## Task objective
Find, in the records below, the line that contains "dry roach fish, top" and the line that contains "Naglių gamtinio rezervato". Copy those two lines and everything between them exactly, but not the pictures.

## Entries provided

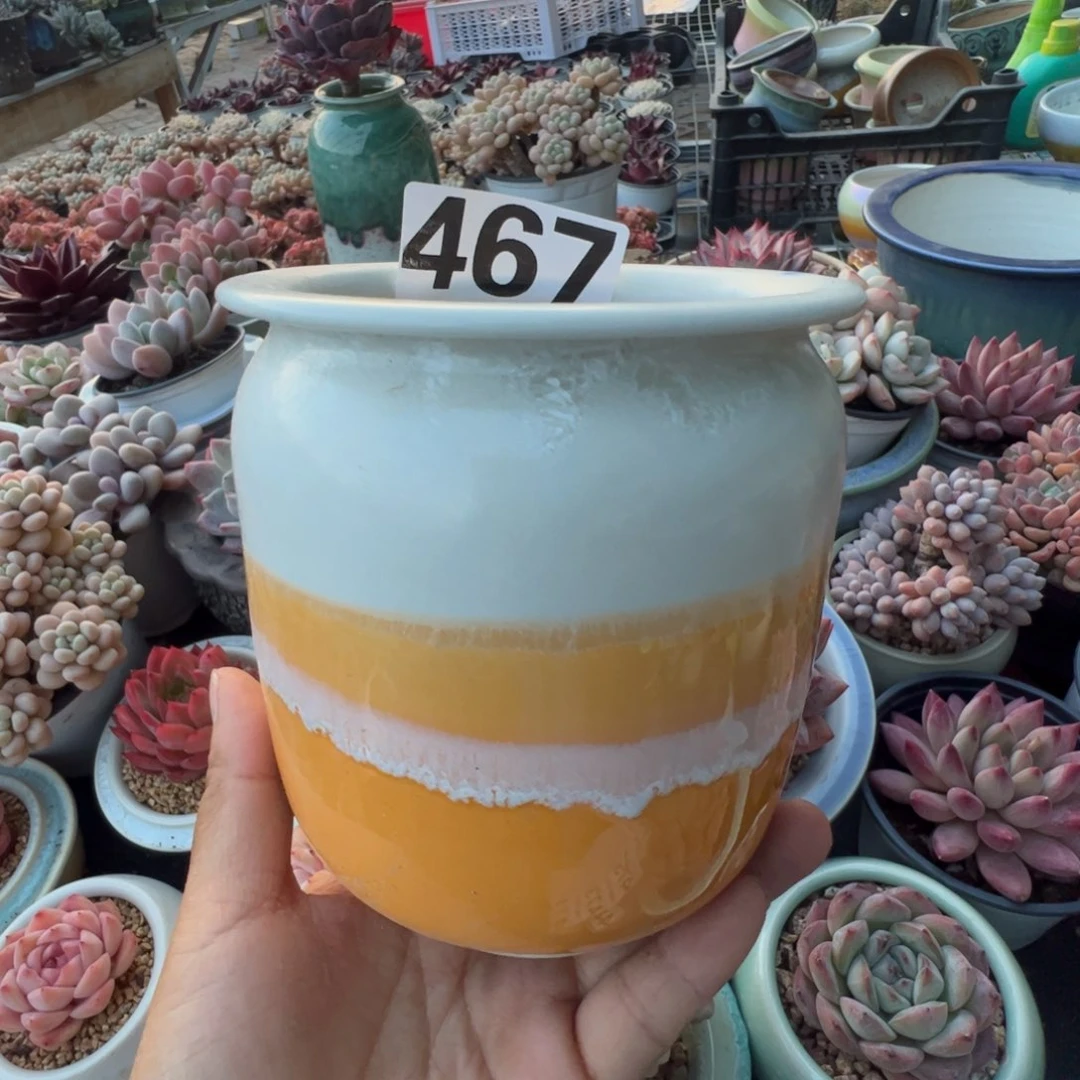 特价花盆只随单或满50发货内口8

--

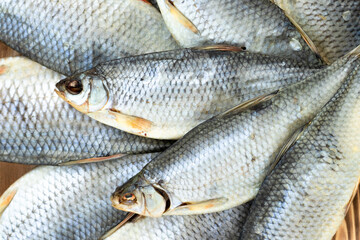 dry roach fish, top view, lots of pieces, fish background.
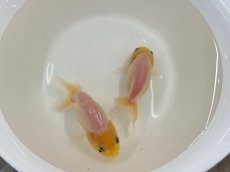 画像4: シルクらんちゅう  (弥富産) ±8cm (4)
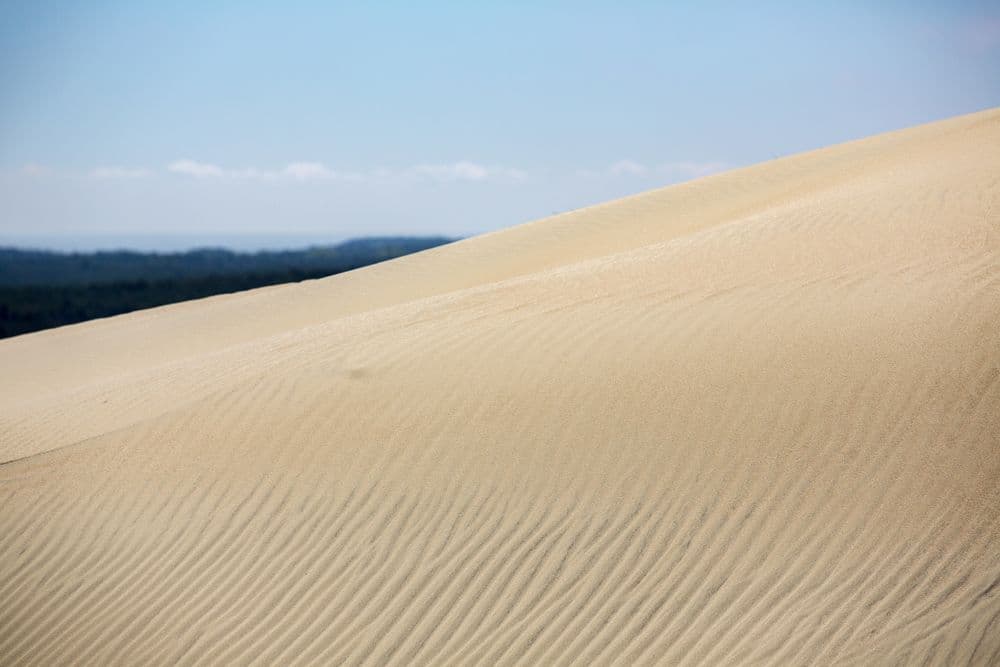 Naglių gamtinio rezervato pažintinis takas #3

## Answer to the problem
 dry roach fish, top view, lots of pieces, fish background.
 画像4: シルクらんちゅう  (弥富産) ±8cm (4)
 Naglių gamtinio rezervato pažintinis takas #3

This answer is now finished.